As with matsindf_apply(), column names in midf can be mapped to the arguments of calc_W() by the arguments to calc_W().

midf |> 
  dplyr::rename(X = U, Y = V) |> 
  calc_W(U = "X", V = "Y")

calc_W() can operate on lists of single matrices, too. This approach works, because the default values for the U and V arguments to calc_W() are "U" and "V", respectively. The input list members (in this case midf$U[[1]] and midf$V[[1]]) are returned with the output, because list(U = midf$U[[1]], V = midf$V[[1]]) is passed to the .dat argument of matsindf_apply().

calc_W(list(U = midf$U[[1]], V = midf$V[[1]]))

It may be clearer to name the arguments as required by the calc_W() function without wrapping in a list first, as shown below. But in this approach, the input matrices are not returned with the output, because arguments U and V are passed to the ... argument of matsindf_apply(), not the .dat argument of matsindf_apply().

calc_W(U = midf$U[[1]], V = midf$V[[1]])

calc_W() can operate on data frames containing single numbers.

data.frame(U = c(1, 2), V = c(3, 4)) |> calc_W()

Finally, calc_W() can be applied to single numbers, and the result is 1x1 matrix.

calc_W(U = 2, V = 3)

It is good practice to write internal functions that tolerate zero-length inputs, as calc_W() does.
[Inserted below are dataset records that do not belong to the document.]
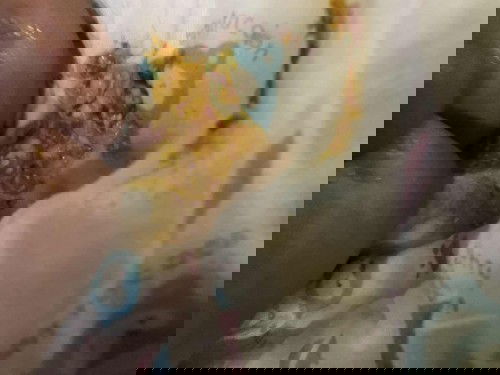 น้องถ่ายปนเลือดเส้นฝอยๆออกมาเกิดจากอะไร❓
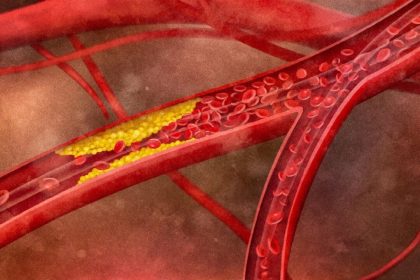 Les médicaments hypocholestérolémiants peuvent affecter la santé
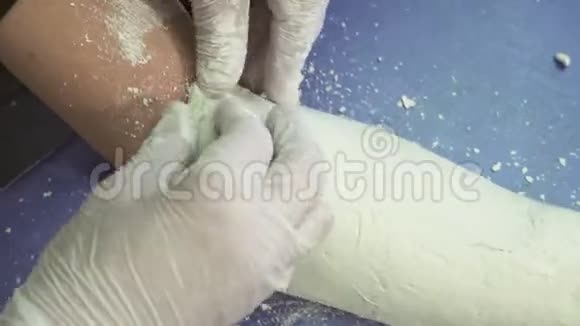 创伤科的创伤医生在病人的手臂上贴上石膏绷带视频的预览图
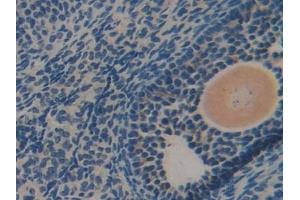 Detection of DLD in Mouse Ovary Tissue using Polyclonal Antibody to Dihydrolipoyl Dehydrogenase (DLD) (DLD anticorps  (AA 45-271))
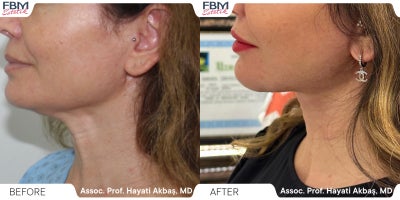 25-34 year old woman treated with Mini Neck Lift - 25-34 year old woman treated with Mini Neck Lift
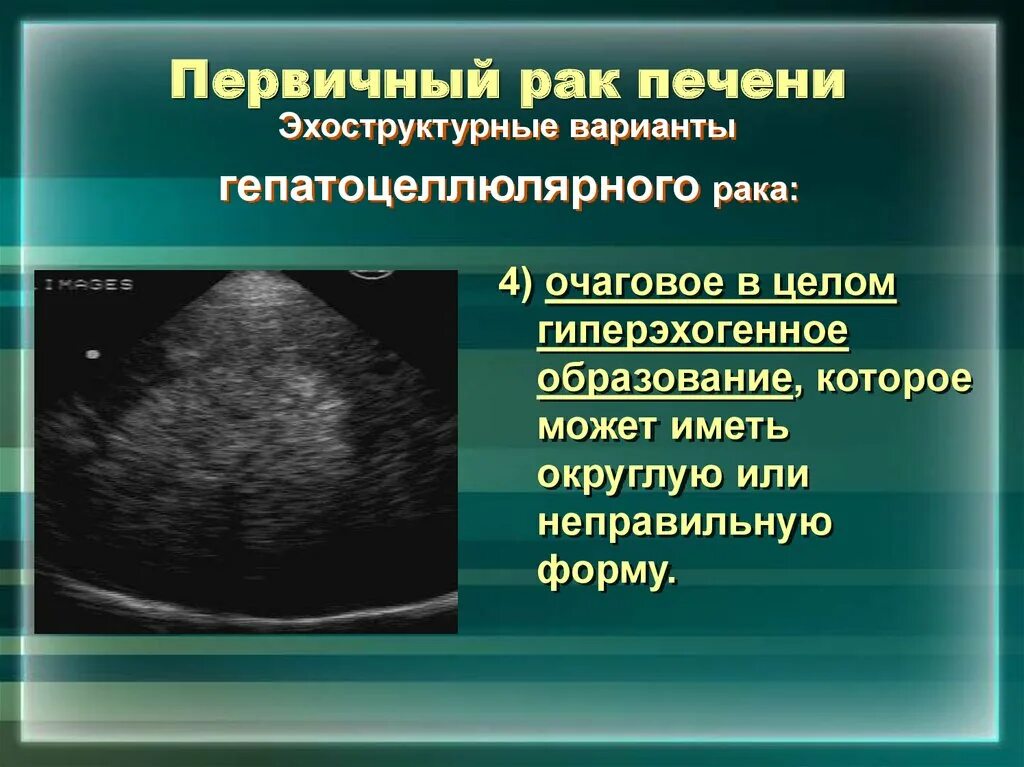 Округлые образования печени. Гиперэхогенные образования в печени на УЗИ. Гиперэхогенные структуры на УЗИ печени. Очаговые образования в печени на УЗИ.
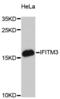Interferon Induced Transmembrane Protein 3 antibody, A13070, ABclonal Technology, Western Blot image 
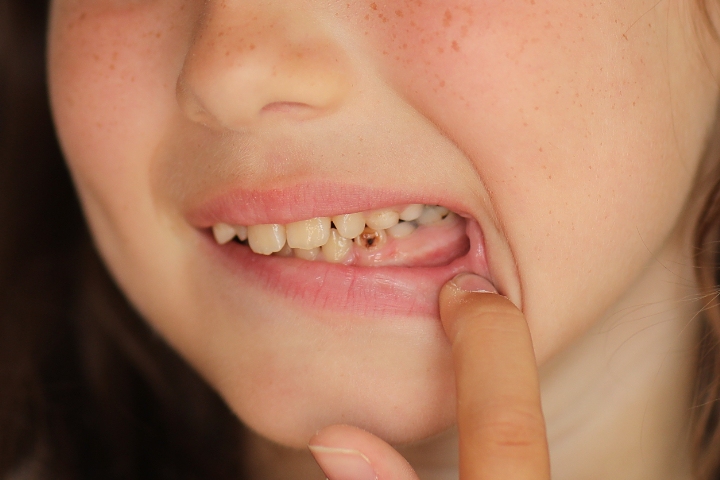 子どもの虫歯のイメージ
Doing so, enables results from different calculations to be rbinded together.

calc_W(U = numeric(), V = numeric())
calc_W(list(U = numeric(), V = numeric()))

res <- calc_W(list(U = c(2, 3, 4, 5), V = c(3, 4, 5, 6)))
res0 <- calc_W(list(U = numeric(), V = numeric()))
dplyr::bind_rows(res, res0)

Conclusion

This vignette demonstrated use of the versatile matsindf_apply() function. Inputs to matsindf_apply() can be

single numbers,
matrices, or
data frames with appropriately-named columns.

matsindf_apply() can be used for programming, and functions constructed as demonstrated above share characteristics with matsindf_apply():

they can be used as specialized dplyr::mutate() operators, and
they can be applied to single numbers, matrices, or data frames with appropriately-named columns.